In Weeks 2 and 3 we continued our emphasis on complex social issues. Indigenous Programming offered an alternative to the postcolonial centrality of global Englishes, which orients program languages to one particular culture. Indigenous scholar and game designer Outi Laiti’s discussion of Indigenous programming language and ethnoprogramming offered an important counter to this hegemonic use of English as a basis for the most common programming languages. Cree#, an Indigenous programming language developed by digital media artist and scholar Jon Corbett,served as a powerful glimpse of how code and the computational landscape could be different if programming were rooted in Indigenous culture ideas and practices. Digital artist Daniel Temkin offered his expertise in esoteric programming languages (esolangs) to enrich that discussion by grounding it in edge-case and highly experimental languages.
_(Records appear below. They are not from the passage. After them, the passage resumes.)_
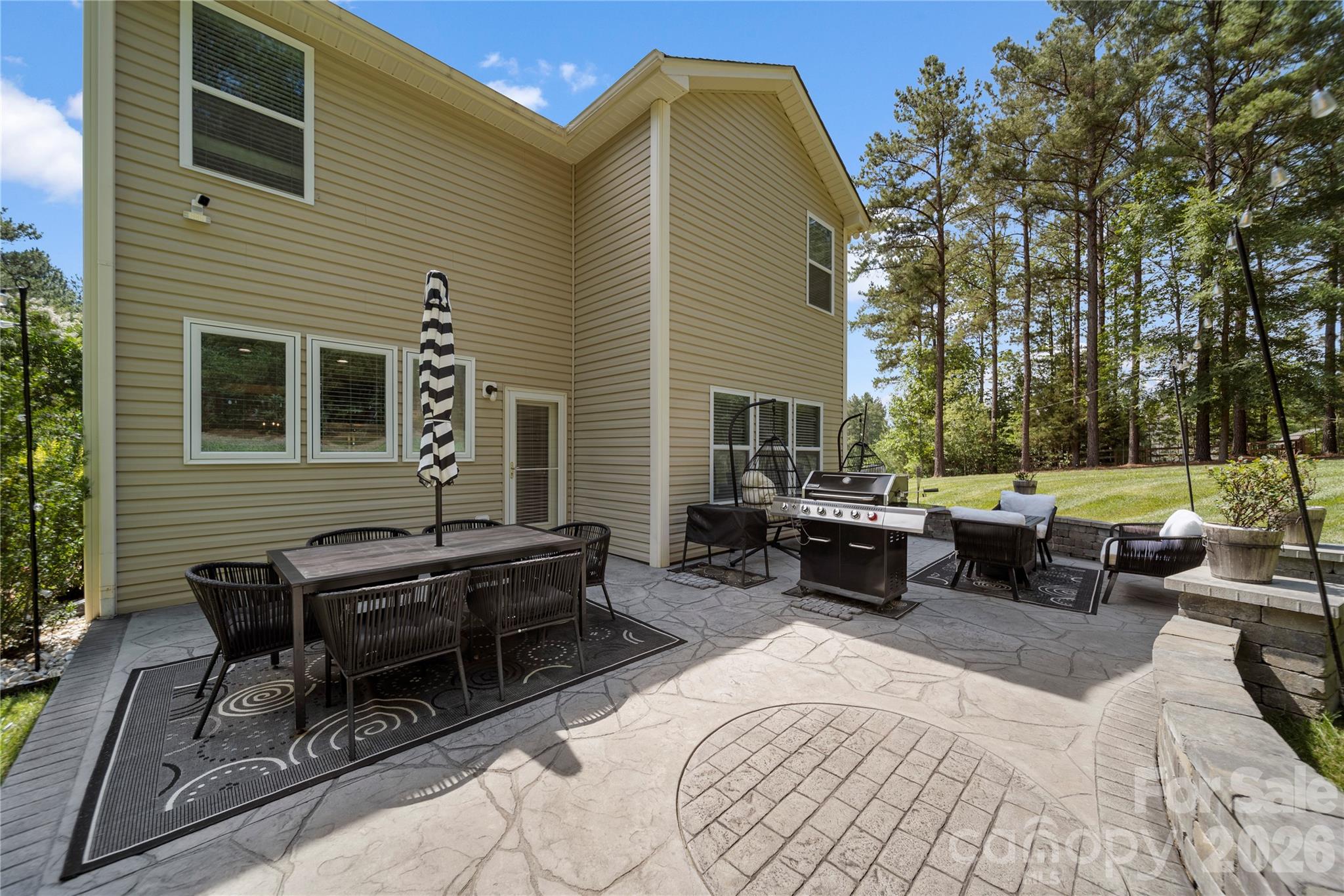 8122 Mossy Rock Road Waxhaw, NC 28173 - Photo 27 of 28 a building outdoor space with patio furniture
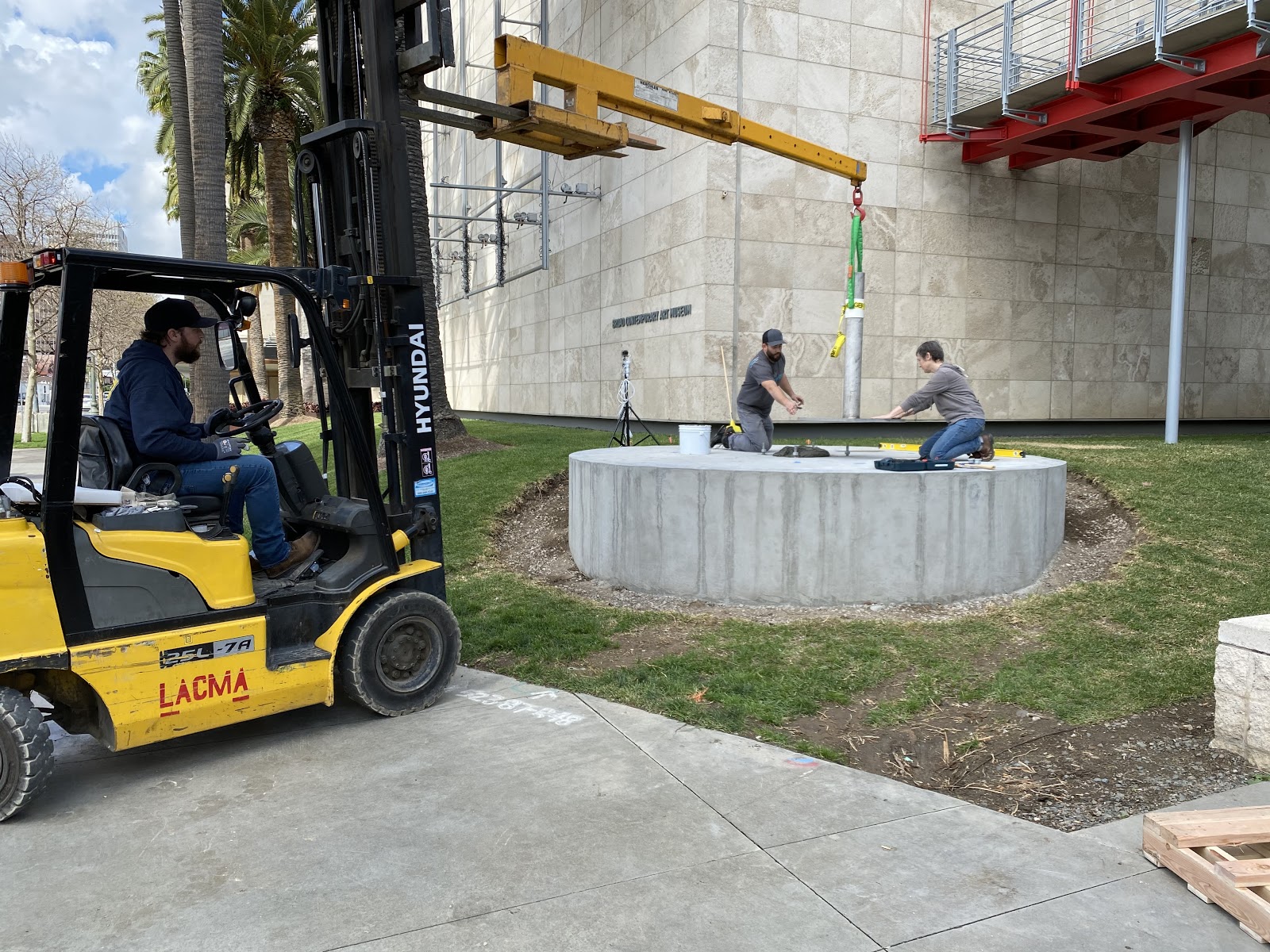 The day before the sculpture arrived, we installed its mount onto the concrete pedestal. We worked closely with Manager of Gallery Construction Jeff Young, to embed anchor bolts in the exact locations needed in the concrete pad as it was poured. From left to right Jordan Mesavage, Luke Boehnke, and Julia Latané. Photo by Elspeth Patient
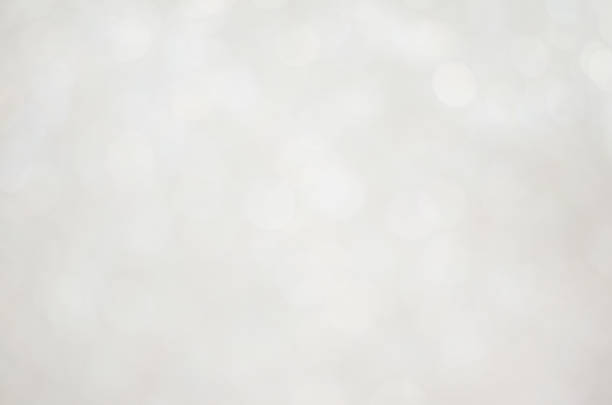 istock abstract white blur bokeh glitter sparkle no color background. 1218396386
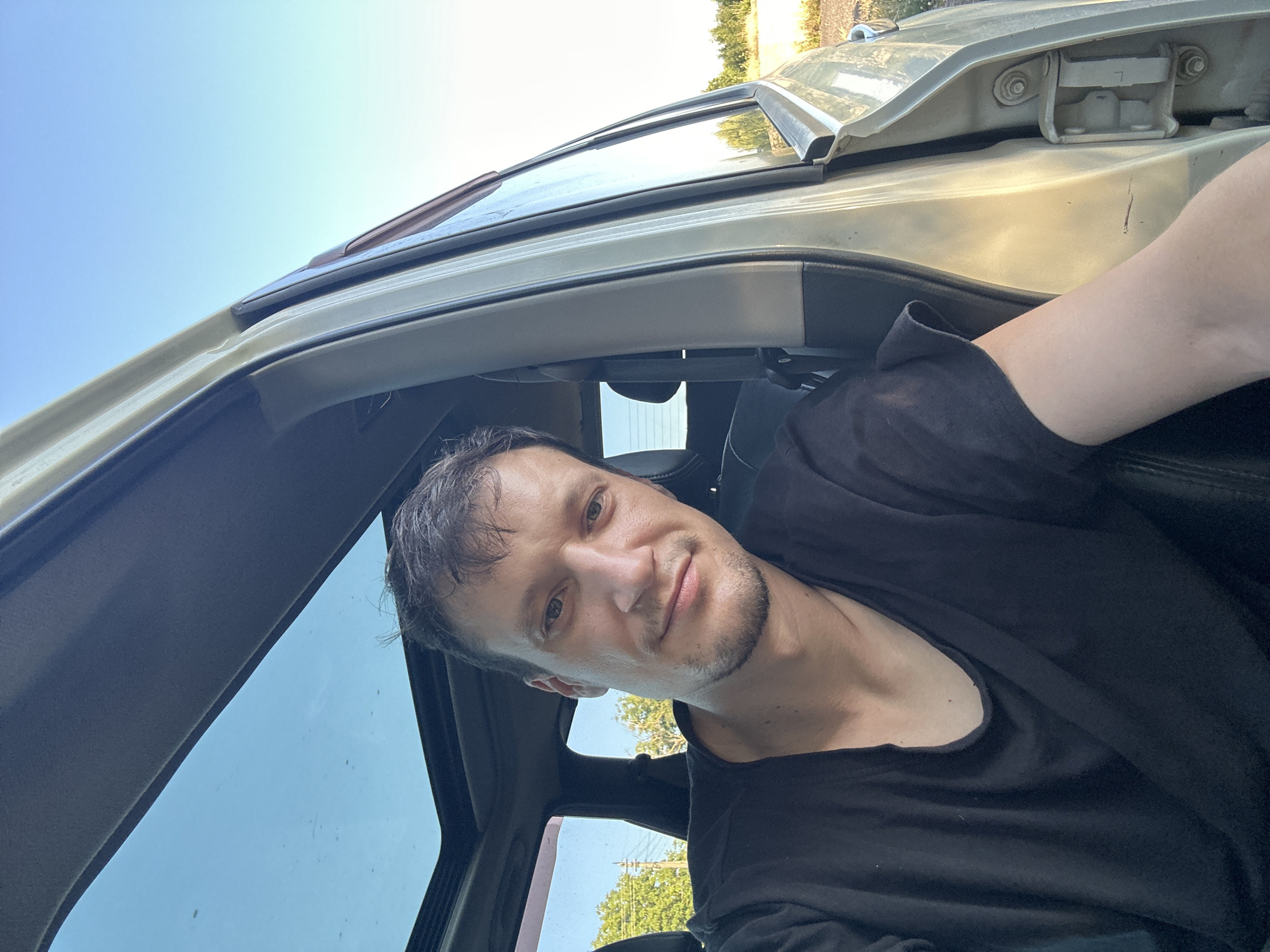 A man with short, dark hair and stubble is in the driver's seat of a car, looking at the camera with a slight smile. He is wearing a black t-shirt. The car has a sunroof, which is open, and the passenger door is ajar. The background outside the car appears to be rural, with trees and a bright blue sky. The image appears to have been taken on a sunny day. The location of Makiv, Ukraine is not visually discernible from the image.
Week 3 brought CCS into the world of artificial intelligence and its intersection with feminist critique with the guidance of Christine Meinders, founder of Feminist.AI, a community-based AI research and design group. While just an initial foray, this week allowed us to consider how CCS could intervene in this space. In many ways, this gendered conversation continued our 2016 discussion of the potential of a feminist programming language. Both discussions involve mixtures of speculation and attempts at using various methodologies.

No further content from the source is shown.